We see that the most abundant isotopic combination is the one with the lowest mass, which is the one with the most abundant isotopes of each element. The other peaks are due to the presence of heavier isotopes of hydrogen and oxygen.

Sometimes we don’t want to see all the peaks, but only the most abundant ones.

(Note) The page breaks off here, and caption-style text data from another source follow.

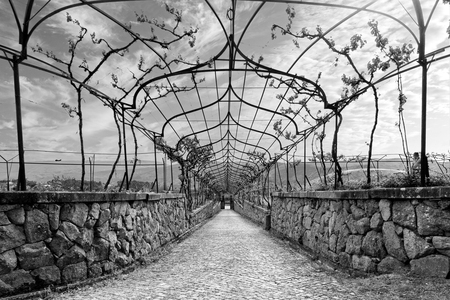 GREEN WINE PRODUCTION 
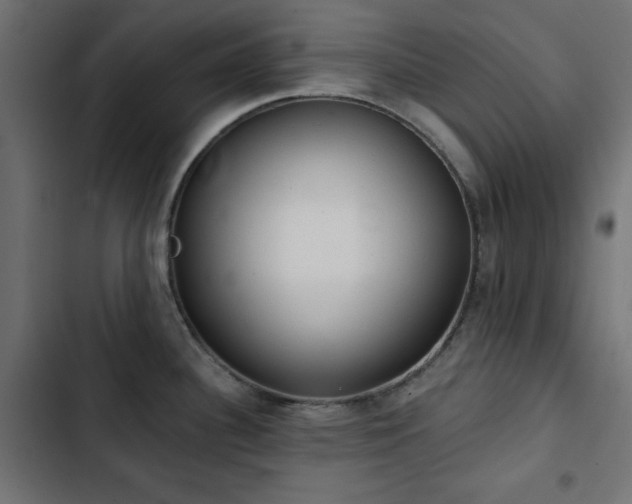 X0000103491340200809121705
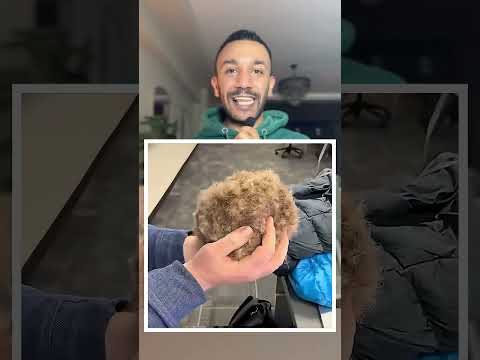 The Most Expensive And Strangest Substance You Ll Ever See In Your Life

We can do this using the min_intensity parameter:

water.spectrum(min_intensity=0.01).dataframe()
Relative mass Fraction Intensity % m/z
Mass number
18 18.010565 0.997341 100.000000 18.010565
19 19.015557 0.000609 0.061095 19.015557
20 20.014810 0.002050 0.205509 20.014810 
chlorobenzene = Formula("C6H5Cl")
chlorobenzene
Formula('C6H5Cl')
chlorobenzene.mass
112.557045
chlorobenzene.composition().dataframe()
Count Relative mass Fraction
Element
C 6 72.064440 0.640248
H 5 5.039705 0.044775
Cl 1 35.452900 0.314977 
df_chlorobenzene = chlorobenzene.spectrum(min_intensity=0.01).dataframe()
df_chlorobenzene
Relative mass Fraction Intensity % m/z
Mass number
112 112.007978 0.709836 100.000000 112.007978
113 113.011358 0.046473 6.546944 113.011358
114 114.005082 0.228390 32.174991 114.005082
115 115.008420 0.014888 2.097378 115.008420
116 116.011802 0.000407 0.057363 116.011802 
import matplotlib.pyplot as plt

fig, ax = plt.subplots()

ax.vlines(x="m/z", ymin=0, ymax="Intensity %", data=df_chlorobenzene)

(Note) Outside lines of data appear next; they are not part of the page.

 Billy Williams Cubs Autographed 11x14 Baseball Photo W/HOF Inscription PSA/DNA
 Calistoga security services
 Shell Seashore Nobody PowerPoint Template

ax.set_xlim((min(df_chlorobenzene["m/z"]) - 1, max(df_chlorobenzene["m/z"]) + 1))

ax.set_xlabel("m/z")
ax.set_ylabel("Intensity %")

plt.show()

The m/z ratio, often encountered in mass spectrometry, is a fundamental concept used for analyzing and identifying substances based on their mass and charge characteristics.

  • “m” Refers to Mass: In the m/z ratio, “m” stands for the mass of the ion. It’s important to note that this mass is the atomic mass unit (amu) of the ion, not the molecular mass of the original compound. This distinction is critical because, during mass spectrometry, molecules are often fragmented into ions.

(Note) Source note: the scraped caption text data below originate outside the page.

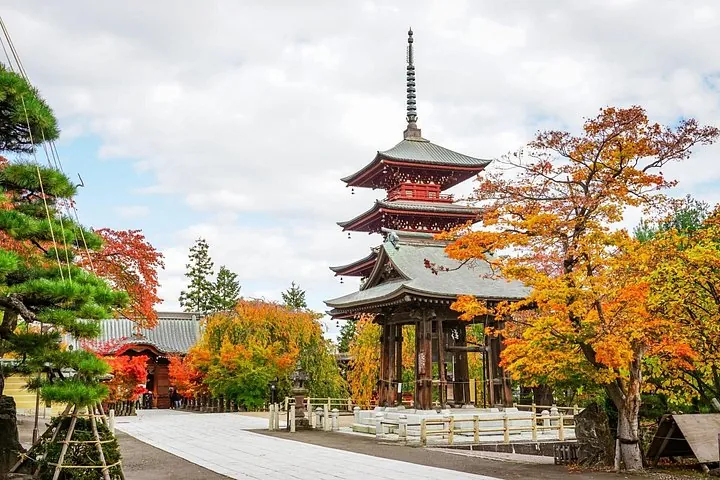 Private Aomori Shore Excursion Hirosaki Castle and Apple Hill — operator photo 2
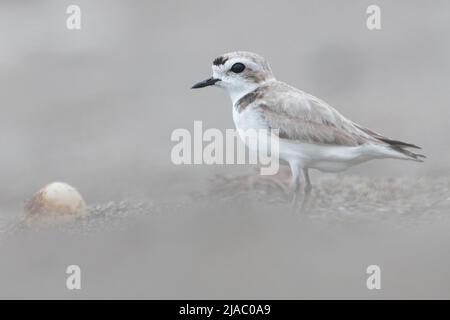 Eine verschneite Westpfeifer (Charadrius nivosus), eine bedrohte Vogelart am Strand in Point Reyes National Seashore in Kalifornien. Stockfoto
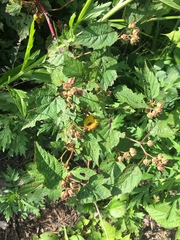 Rubus crataegifolius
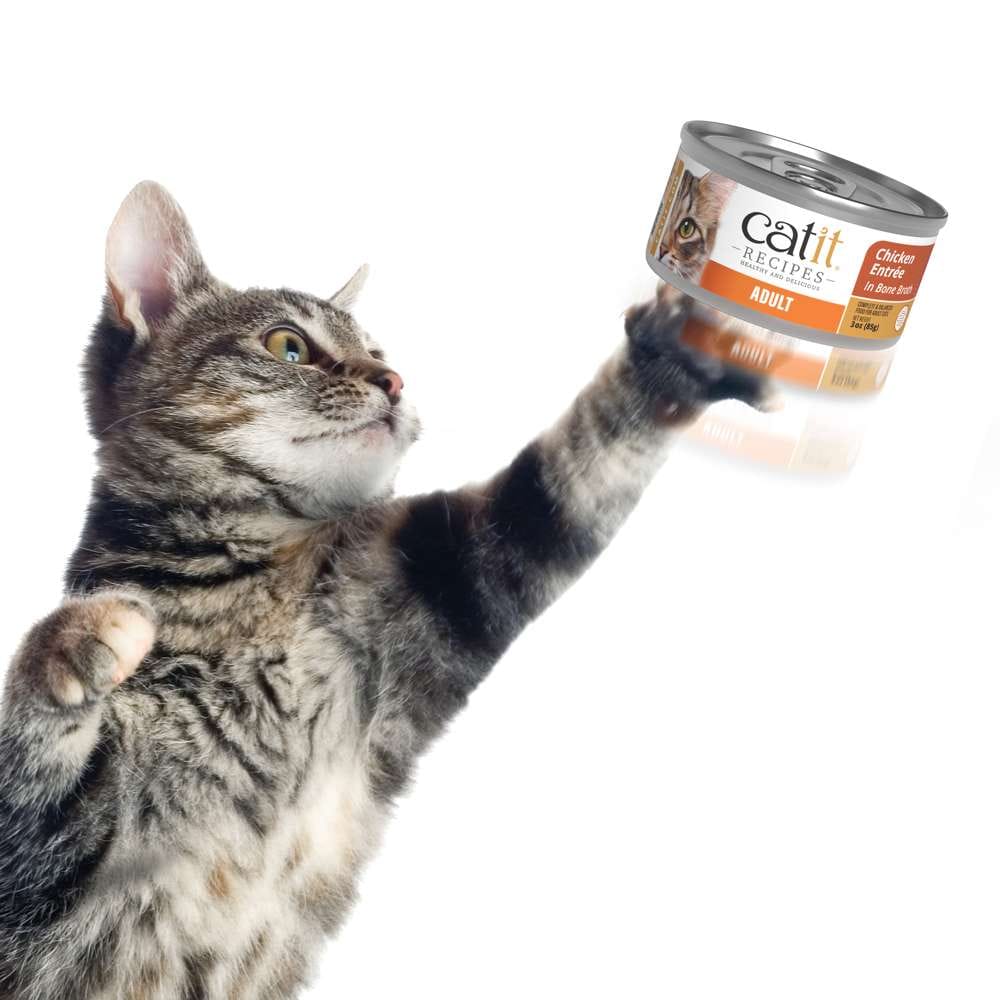 Case of Catit Recipes Chicken Entrée in Bone Broth for Adult Cats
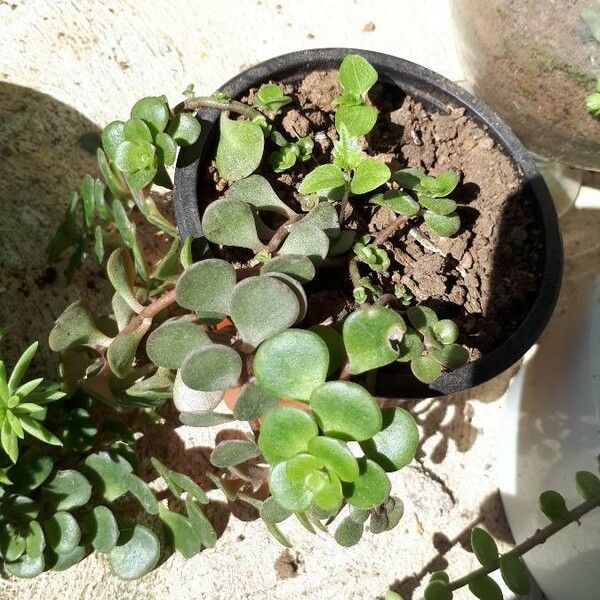 Sedum ternatum Leaf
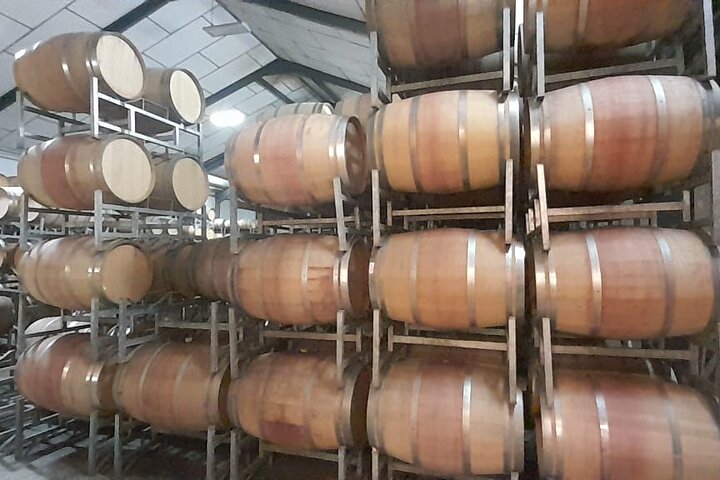 Stellenbosch, Franschhoek, Paarl 15 Wine Tasting Private Tour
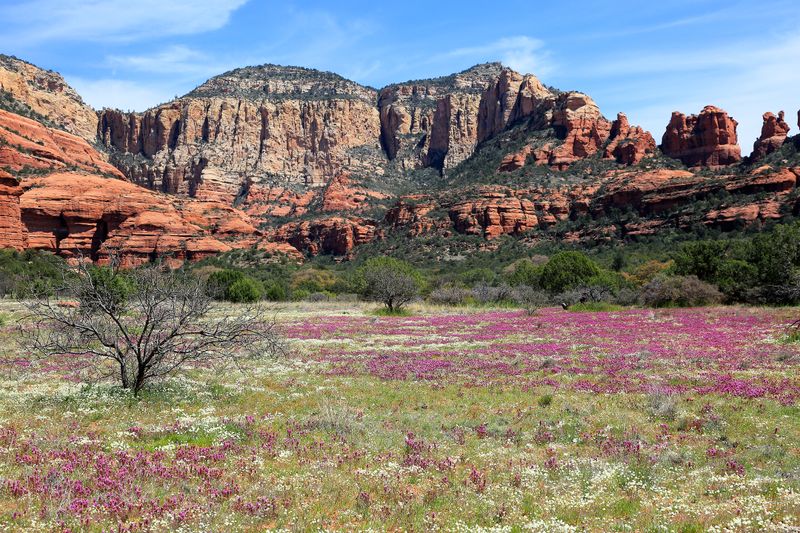 0051-3B9A0411-Sedona Wildflowers.jpg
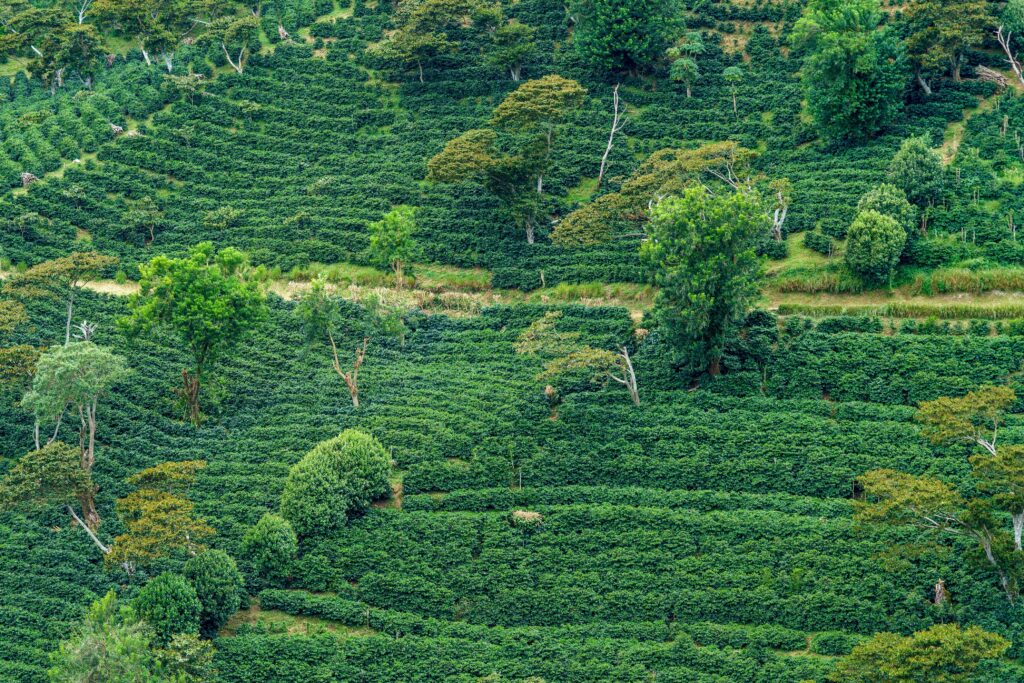 Boquete Panama coffee fields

  • “z” Refers to Charge: The “z” in the ratio represents the charge number of the ion. It’s the number of protons more or less than electrons, giving the ion its positive or negative charge. In most mass spectrometry applications, the ions are single-charged, meaning z is usually ±1. However, multiply-charged ions can also occur.

  • Separation of Ions: In mass spectrometry, ions are separated based on their m/z ratio. Since the technique involves ionizing the sample, different fragments or ions have different m/z ratios, allowing for their separation and detection.

  • Identification of Compounds: By analyzing the m/z ratios of the ions produced, chemists can deduce the molecular structure of the original compound. Each m/z value can correspond to a specific fragment of the molecule, providing clues to its structure.

  • Quantitative Analysis: The intensity of the signal at each m/z ratio can be used to determine the concentration of specific ions in the sample, making mass spectrometry a valuable tool for quantitative analysis.

We can define a new chlorobenzene formula, now with a charge of 2+:

chlorobenzene_ion = Formula("[C6H5Cl]2+")
chlorobenzene_ion
Formula('[C6H5Cl]2+')
chlorobenzene_ion.spectrum(min_intensity=0.01).dataframe()
Relative mass Fraction Intensity % m/z
Mass number
112 112.006881 0.709836 100.000000 56.003440
113 113.010261 0.046473 6.546944 56.505131
114 114.003985 0.228390 32.174991 57.001992
115 115.007323 0.014888 2.097378 57.503662
116 116.010705 0.000407 0.057363 58.005353

See that the m/z column now changes to reflect the charge of the molecule.

Abbreviations

We have already seen that molmass recognized D as the symbol for deuterium. But there are other abbreviations that can be used to represent radicals, such as Me for methyl, and Et for ethyl. Let’s see how molmass deals with these abbreviations.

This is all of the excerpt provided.